18. INDEMNITY. You will defend, indemnify and hold harmless TLS, its employees, agents and subcontractors, from and against all third party claims, lawsuits, including reasonable attorneys’ fees, and losses asserted by a third party against TLS and its affiliates arising from, caused by or in any way related to (a) your or your End User’s use of the Service contrary to Applicable Laws or the Documentation or in violation of the EULA or this Agreement; or (b) any claim for subrogation, indemnification or contribution. TLS will defend, indemnify and hold harmless Customer, its employees, agents and subcontractors, from and against all third party claims, lawsuits, including reasonable attorneys’ fees, and losses asserted by a third party against Customer and its affiliates arising from, caused by or in any way related to (i) the Service, including the Service app, as delivered and used in compliance with Applicable Laws and the Documentation, and consistent with the EULA and this Agreement, infringes or misappropriates any intellectual property right of the third party. In no event will TLS have any obligations or liability under this section arising from: (i) use of the Service in a modified form or in combination with materials not furnished by TLS, except for Devices sold by TLS or approved for use with the Service in writing by TLS in the Documentation; or (ii) any data provided by Customer or its End Users. The party seeking indemnification will promptly notify the other party of the claim and cooperate with the other party in defending the claim. The indemnifying party will have full control and authority over the defense, except that: (i) any settlement requiring the party seeking indemnification to admit liability requires prior written consent, not to be unreasonably withheld or delayed and (ii) the other party may join in the defense with its own counsel at its own expense. THE INDEMNITIES ABOVE ARE CUSTOMER’S ONLY REMEDY AND TLS’ SOLE LIABILITY UNDER THIS AGREEMENT FOR VIOLATION OF A THIRD PARTY’S INTELLECTUAL PROPERTY RIGHTS.

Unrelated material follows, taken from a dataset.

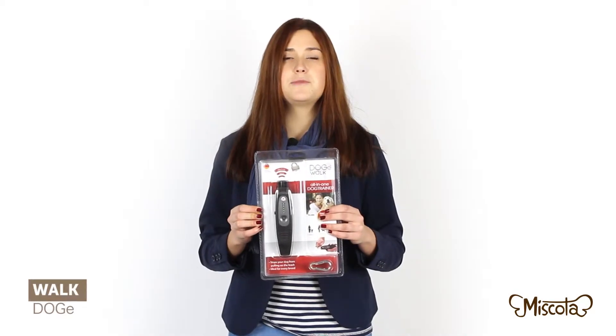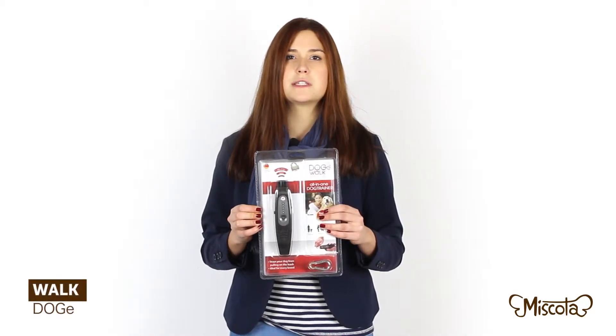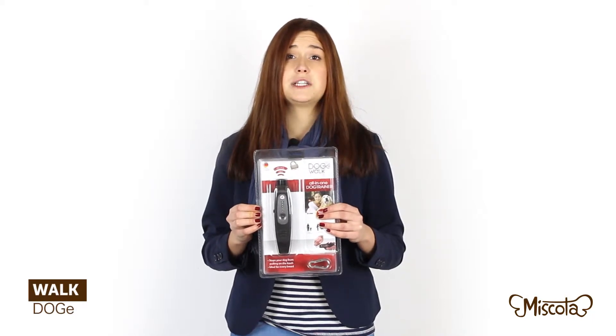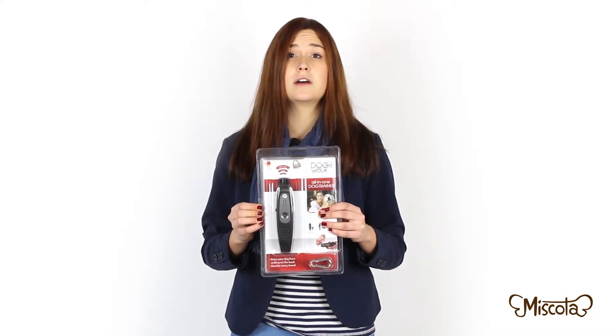Dog E Walk is mainly an instrument to avoid leash pulls and it works thanks to ultrasonic sounds. It must be put in between the collar and the leash, the speaker pointing towards the dog.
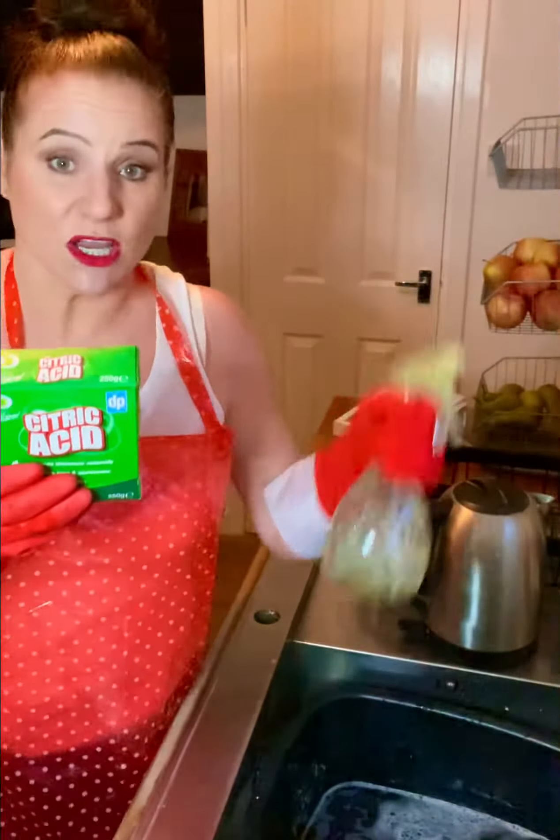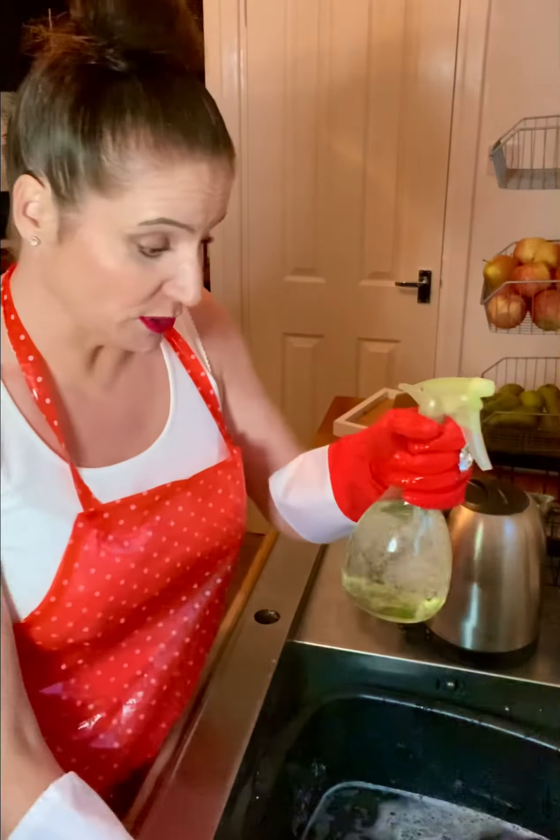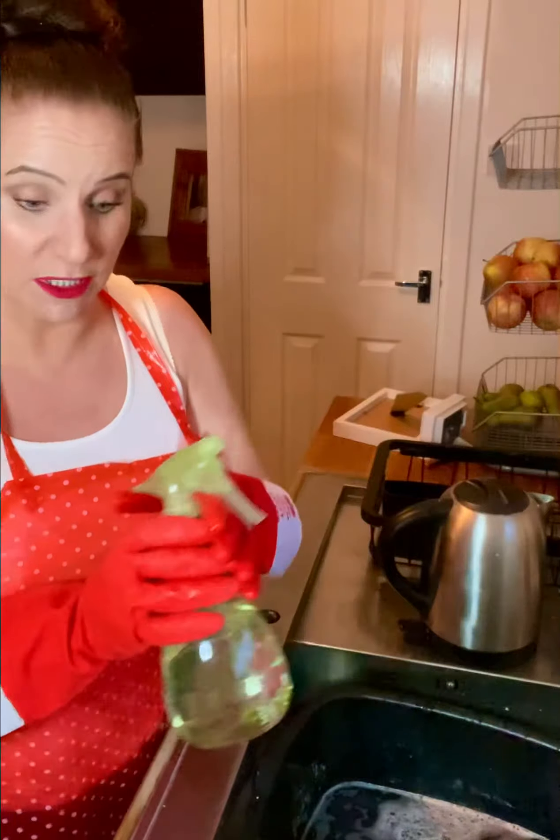Then give it a good shake once you've got your solution to make sure it's all dissolved. I'm going to do some videos on how you can use citric acid solution in your home.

19. RELEASE. YOU HEREBY WAIVE, RELEASE AND DISCHARGE TLS OF ANY LIABILITY ASSOCIATED WITH YOUR AND YOUR END USERS’ USE OF THE SERVICE, THE DEVICES CONNECTED THERETO, AND SERVICES THEREIN AND OUR FAILURE, OR THE FAILURE OF YOUR END USERS, TO TRANSMIT AND/OR RECEIVE ALERT CONDITIONS.

20. TERM. The term of this Agreement shall commence on the date that you accept this Agreement and shall continue for the period of one (1) year unless terminated earlier. This Agreement and the subscription to the Service will automatically renew at the end of the initial one (1) year period and each subsequent renewal period, in each case for a one (1) year renewal period unless either party provides the other with a non-renewal notice no less than 30 days prior to the lapse of the then-current period. On the effective date of termination of this Agreement, TLS will disconnect your access to the Service. YOU AGREE THAT UPON ANY TERMINATION OF THIS AGREEMENT, TLS SHALL BE PERMITTED TO DISCONTINUE ALL SERVICES.

21. TERMINATION. This Agreement shall automatically terminate without notice upon the occurrence of any of the following: (i) the breach by the Customer or any of its End Users of any of the terms contained herein or in the EULA, which is not cured within thirty (10) days after notice by TLS; or (ii) the cessation of business by Customer. Customer shall have the right to terminate this Agreement at any time by sending TLS a written notice of termination at least thirty (30) days before the end of the then current subscription period. For the avoidance of doubt, the requirement of a written notice may be satisfied by sending a notice in the same manner and using the same medium in which this Agreement was accepted, to the extent allowable under applicable laws. For example, should this Agreement be entered into electronically within a secure session through the Internet as may be permitted under applicable laws then written notice shall include sending a notice via electronic means using the Internet.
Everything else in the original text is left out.